Authors: Marie Ferrarella
Where was his shirt?
Scanning the room, he found it in a crumpled, bloody heap near the window, discarded by whoever had bandaged the wound in his chest.
Had that been her? Stevi?
Or the gardener she’d mentioned?
He liked the idea of her being the one who had seen to his wound far more than someone who spent the day with his hands in fertilized dirt.
“Probably owe my life to you, Stevi. Sorry I can’t stick around to thank you properly, but having me around probably isn’t safe for either of us,” he murmured.
Standing up, his dizziness immediately intensified.
Struggling to keep upright, Mike took all of five steps away from the bed and toward the door before he felt his knees buckling beneath him. He began to bite off an oath, but the words vanished before they reached his tongue. Vanished as his knees met the floor.
By the time the rest of him hit the floor, he was out cold.
CHAPTER EIGHT
“I’
D
LIKE
TWO
breakfasts to go, Jorge. Same as yesterday,” Stevi requested as she came sailing into the kitchen.
“Good morning to you, too,” Cris called out as she glanced up from the steel prep table, where she was working.
Lost in her own thoughts regarding the man she’d left in her room, wanting to get back there as soon as possible because she wasn’t really all that certain she could trust Mike to stay put, Stevi looked toward her sister in puzzlement. She’d heard her voice, but not what Cris had said.
“Excuse me?”
“I said ‘Good morning,’” Cris repeated, articulating each syllable.
“Oh, right.” Stevi flashed a lightning-quick smile in her sister’s direction. “Good morning.”
Cris frowned. “Are you okay?”
“Just fine,” Stevi assured her breezily, then looked at her innocently. “Why?”
“Where were you yesterday?”
Stevi looked at her sister as if Cris had lapsed into gibberish. “What do you mean where was I? I was right here.”
By that, it was obvious Stevi was referring to the inn. That wasn’t what Cris was asking her sister. “I mean for lunch and dinner. You didn’t come to the dining area, or to the kitchen. No one saw you,” Cris added.
Stevi shrugged dismissively. She watched Jorge getting her order together.

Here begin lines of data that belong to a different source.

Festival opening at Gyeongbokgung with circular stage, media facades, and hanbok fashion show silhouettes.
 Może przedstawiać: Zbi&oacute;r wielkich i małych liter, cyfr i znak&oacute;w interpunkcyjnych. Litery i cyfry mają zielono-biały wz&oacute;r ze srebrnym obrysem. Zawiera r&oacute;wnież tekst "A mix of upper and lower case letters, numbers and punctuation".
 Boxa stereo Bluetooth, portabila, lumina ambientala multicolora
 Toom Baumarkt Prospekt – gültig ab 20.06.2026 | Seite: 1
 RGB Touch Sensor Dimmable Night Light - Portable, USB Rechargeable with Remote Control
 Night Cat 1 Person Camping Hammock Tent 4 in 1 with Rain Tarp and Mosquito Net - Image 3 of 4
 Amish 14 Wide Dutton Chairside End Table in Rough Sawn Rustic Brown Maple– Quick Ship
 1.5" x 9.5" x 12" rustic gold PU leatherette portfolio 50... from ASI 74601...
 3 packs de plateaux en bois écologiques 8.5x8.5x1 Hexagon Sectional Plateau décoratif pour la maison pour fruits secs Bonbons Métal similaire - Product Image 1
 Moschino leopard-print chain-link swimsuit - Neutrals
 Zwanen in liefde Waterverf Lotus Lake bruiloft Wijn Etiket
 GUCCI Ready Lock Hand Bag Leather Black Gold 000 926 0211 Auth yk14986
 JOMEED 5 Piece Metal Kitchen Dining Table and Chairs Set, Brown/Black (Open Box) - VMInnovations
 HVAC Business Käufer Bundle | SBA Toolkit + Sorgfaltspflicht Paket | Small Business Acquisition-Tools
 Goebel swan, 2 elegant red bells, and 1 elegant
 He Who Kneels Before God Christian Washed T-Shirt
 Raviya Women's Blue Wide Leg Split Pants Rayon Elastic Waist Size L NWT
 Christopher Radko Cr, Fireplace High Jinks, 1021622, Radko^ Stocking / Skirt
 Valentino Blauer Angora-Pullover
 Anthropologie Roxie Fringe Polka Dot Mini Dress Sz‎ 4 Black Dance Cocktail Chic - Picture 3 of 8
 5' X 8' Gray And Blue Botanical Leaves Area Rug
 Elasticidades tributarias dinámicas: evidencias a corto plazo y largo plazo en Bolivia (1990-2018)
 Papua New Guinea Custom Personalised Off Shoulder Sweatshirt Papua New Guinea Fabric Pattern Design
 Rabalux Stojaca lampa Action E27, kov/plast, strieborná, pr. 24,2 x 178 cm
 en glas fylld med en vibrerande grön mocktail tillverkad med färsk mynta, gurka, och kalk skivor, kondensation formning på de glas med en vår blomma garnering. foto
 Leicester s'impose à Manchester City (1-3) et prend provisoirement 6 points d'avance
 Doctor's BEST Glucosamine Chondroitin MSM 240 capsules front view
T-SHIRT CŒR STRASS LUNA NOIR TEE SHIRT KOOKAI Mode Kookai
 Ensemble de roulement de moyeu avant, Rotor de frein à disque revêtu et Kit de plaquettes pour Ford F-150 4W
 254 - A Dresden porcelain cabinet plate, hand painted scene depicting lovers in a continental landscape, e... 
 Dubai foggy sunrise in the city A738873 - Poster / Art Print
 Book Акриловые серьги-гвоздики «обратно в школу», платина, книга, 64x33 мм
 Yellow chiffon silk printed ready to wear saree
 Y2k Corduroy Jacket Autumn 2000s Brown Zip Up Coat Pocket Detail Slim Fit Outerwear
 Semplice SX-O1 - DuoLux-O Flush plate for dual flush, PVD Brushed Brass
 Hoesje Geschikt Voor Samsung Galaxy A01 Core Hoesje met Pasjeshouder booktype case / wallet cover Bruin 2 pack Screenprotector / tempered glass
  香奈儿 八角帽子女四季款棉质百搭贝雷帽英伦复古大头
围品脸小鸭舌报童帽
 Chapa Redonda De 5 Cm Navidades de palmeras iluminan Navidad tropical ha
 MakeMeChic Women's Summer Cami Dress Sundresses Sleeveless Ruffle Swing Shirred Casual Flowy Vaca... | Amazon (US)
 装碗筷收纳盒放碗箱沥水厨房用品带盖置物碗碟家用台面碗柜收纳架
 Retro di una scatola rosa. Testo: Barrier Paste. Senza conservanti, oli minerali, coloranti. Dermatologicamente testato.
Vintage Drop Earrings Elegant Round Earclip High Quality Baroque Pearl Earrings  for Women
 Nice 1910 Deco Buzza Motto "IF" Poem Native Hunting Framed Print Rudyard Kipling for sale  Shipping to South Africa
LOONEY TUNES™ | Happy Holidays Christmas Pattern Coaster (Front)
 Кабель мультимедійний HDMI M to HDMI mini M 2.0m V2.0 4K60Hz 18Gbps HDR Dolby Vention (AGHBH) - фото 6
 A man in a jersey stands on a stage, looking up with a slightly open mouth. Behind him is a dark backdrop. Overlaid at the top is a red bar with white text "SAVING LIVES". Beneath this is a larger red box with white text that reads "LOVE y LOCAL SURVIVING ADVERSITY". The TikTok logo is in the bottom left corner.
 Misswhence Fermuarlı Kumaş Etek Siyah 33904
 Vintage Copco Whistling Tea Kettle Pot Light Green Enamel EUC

Faster, Jorge. I’m getting the third degree here.
“I was busy.”
Cris stopped chopping green onions, laying her knife down on the chopping block. “Doing what?”
Stevi tossed her head. Her hair swayed about her oval face. “Do I ask you to account for every minute?” she asked defensively. “To account for every meal you make?”
“I wasn’t asking you to account for every minute. I was just wondering where you were after running off with two breakfasts yesterday morning,” Cris pointed out.
As if on cue, Jorge crossed over to Stevi and handed her a bag with the two breakfasts.
Thank you!
Stevi thought.
Stevi gave the man a bright, grateful smile and said, “Thank you, Jorge. See you later, Cris.”
The next moment, she was gone.
Cris looked after her departing sister even after Stevi had gone through the swinging door. With a sigh, she shook her head.
Turning toward her assistant, Cris asked, “Does she seem like she’s acting weird to you, Jorge?”
Jorge busied himself with cleaning up his pans before going on to the next order that had been sent in. “Not my place to say.”
“But if it was your place to say?” Cris prodded.
Jorge raised his dark eyes as he looked up at her. “Then yes, she is being unusual.”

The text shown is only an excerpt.